On Sunday, after speaking with Lemieux and MacInnis, I called a Harvard epidemiologist named William Hanage, who collaborated on their paper and had been thinking about its public-health implications, to ask what should have been done differently. I suppose, in a way, I was asking about a parallel year—about what could have happened had politicians listened to the advice of scientists, and had scientists seen the whole pandemic as clearly as the Broad researchers now see the Biogen event. Hanage said that, although scientists did not immediately know how unbalanced the spread could be, they did suspect that there were superspreading dynamics from early on in the pandemic, and that public policy could have been built around that insight. The study, Hanage said, “strongly suggests that limiting opportunities for superspreading helps, and what that means is limiting gatherings, basically.” For example, Hanage pointed out that Japan had successfully pursued a far more aggressive and centralized approach aimed at “cluster-busting.” He said, “I think also the number of introductions illustrates the relative importance of—I don’t want to call them travel bans, but—preventing the early introductions of the virus into the community. That’s something which I think is much more widely accepted now than it was.” He predicted that the “dogma” that argued against restricting travel would be widely revisited.

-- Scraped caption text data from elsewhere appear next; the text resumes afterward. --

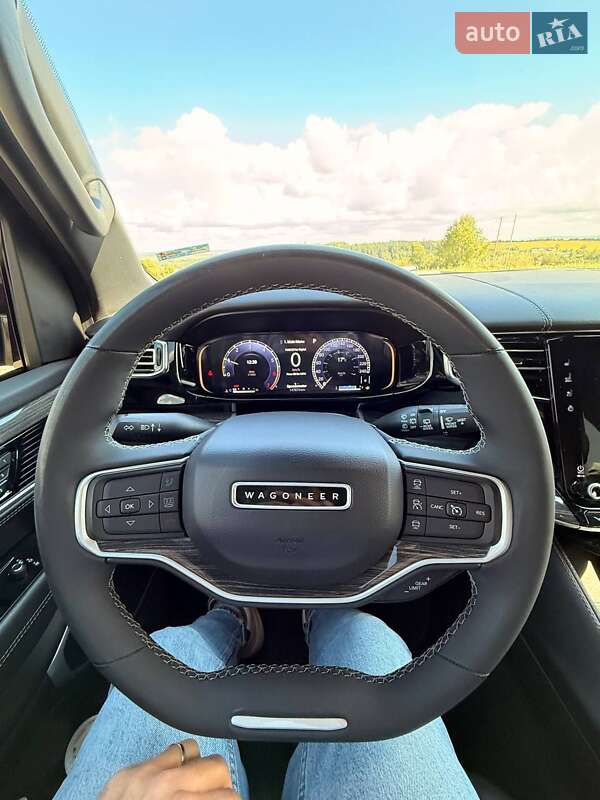 Внедорожник / Кроссовер Jeep Wagoneer 2022 в Львове фото 23 Внедорожник / Кроссовер Jeep Wagoneer 2022 в Львове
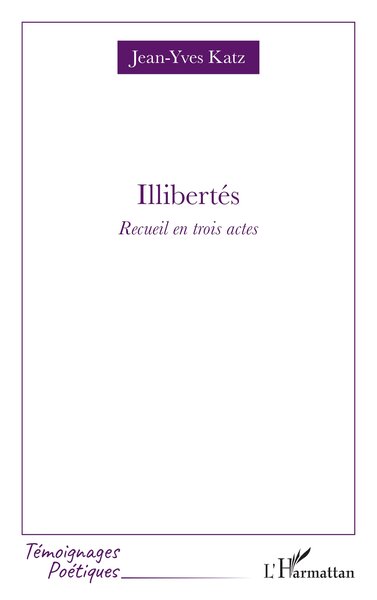 Illibertés (9782336424798-front-cover)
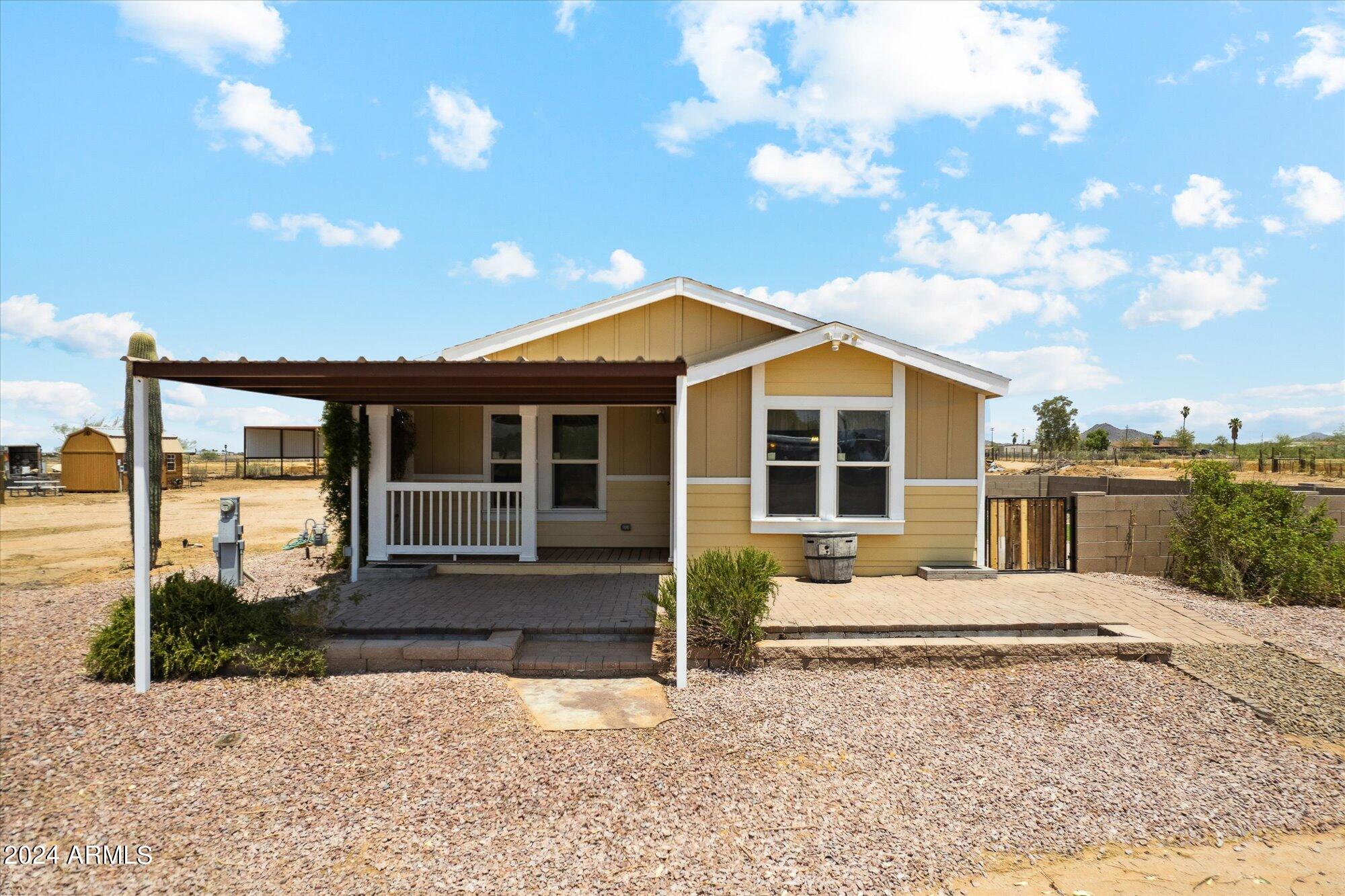 Photo 5 of 28 of 32430 W SAN LORENZO Drive mobile home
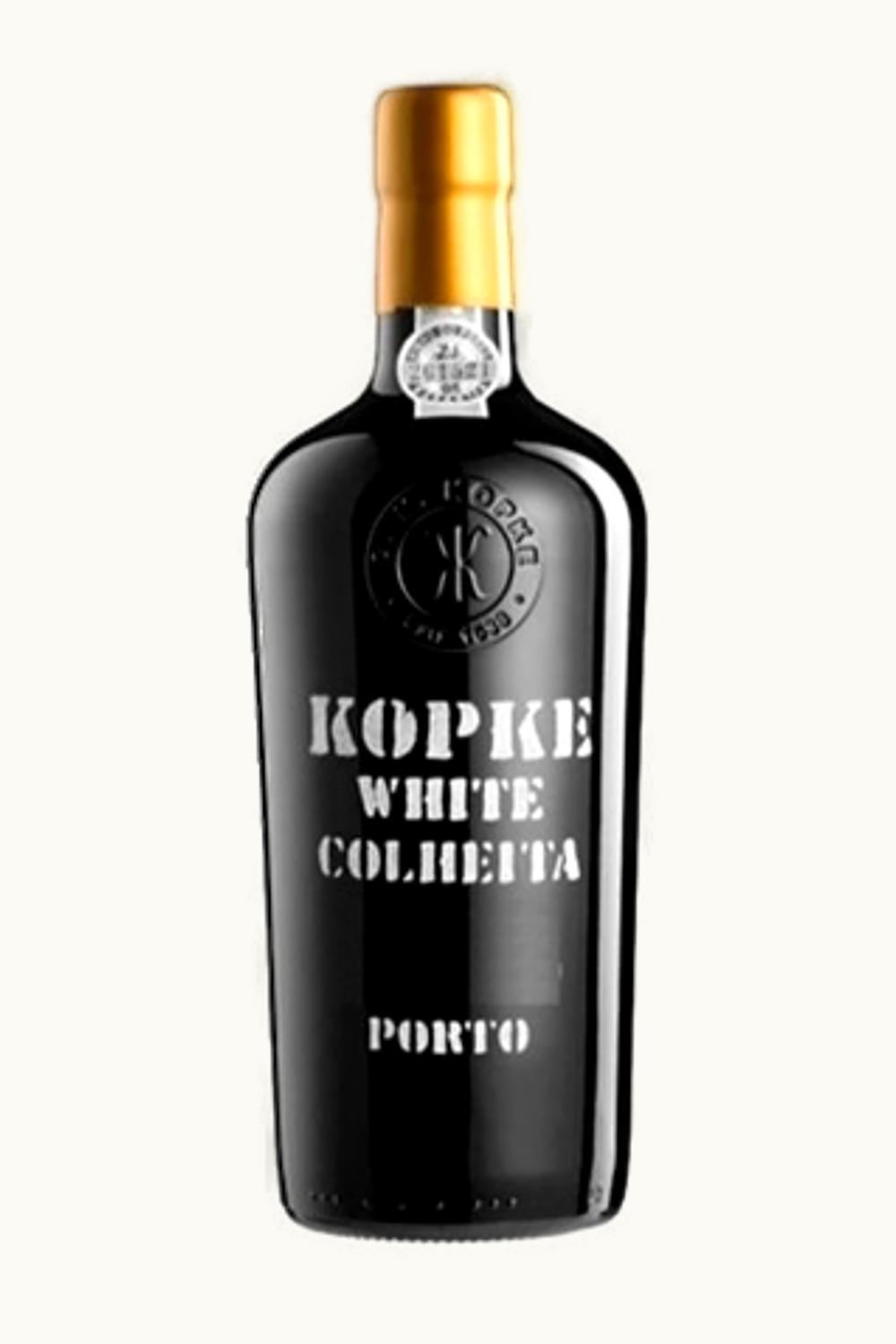 Kopke Kopke Colheita White Port Oporto Douro Portugal, 2006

They don’t sound like measures that Americans were ready to accept, before even Biden was wearing a mask, before public-health authorities were sure that masks would help, and before they fully understood that the virus was airborne. Measures like these required trust, and every link in that chain was weak: the public did not broadly trust the political leadership, the President did not trust the scientists, and the scientists could not yet clearly see the disease for what it was, because they were still basing their knowledge on theory and analogy rather than empirical fact. In many ways, they still are. We expect a certain pattern to a catastrophic event like this, but the pandemic has upended it; the vaccine has arrived before we fully understand the disease. When I replayed the tape of my conversation with Lemieux and MacInnis, I could hear in MacInnis’s voice, in particular, a current of awe—that, a year in, we were still discovering how contagious and unpredictable the virus can be. In the recording of my own voice, I heard futility—that, no matter how brilliant the scientists studying it, the virus had a head start.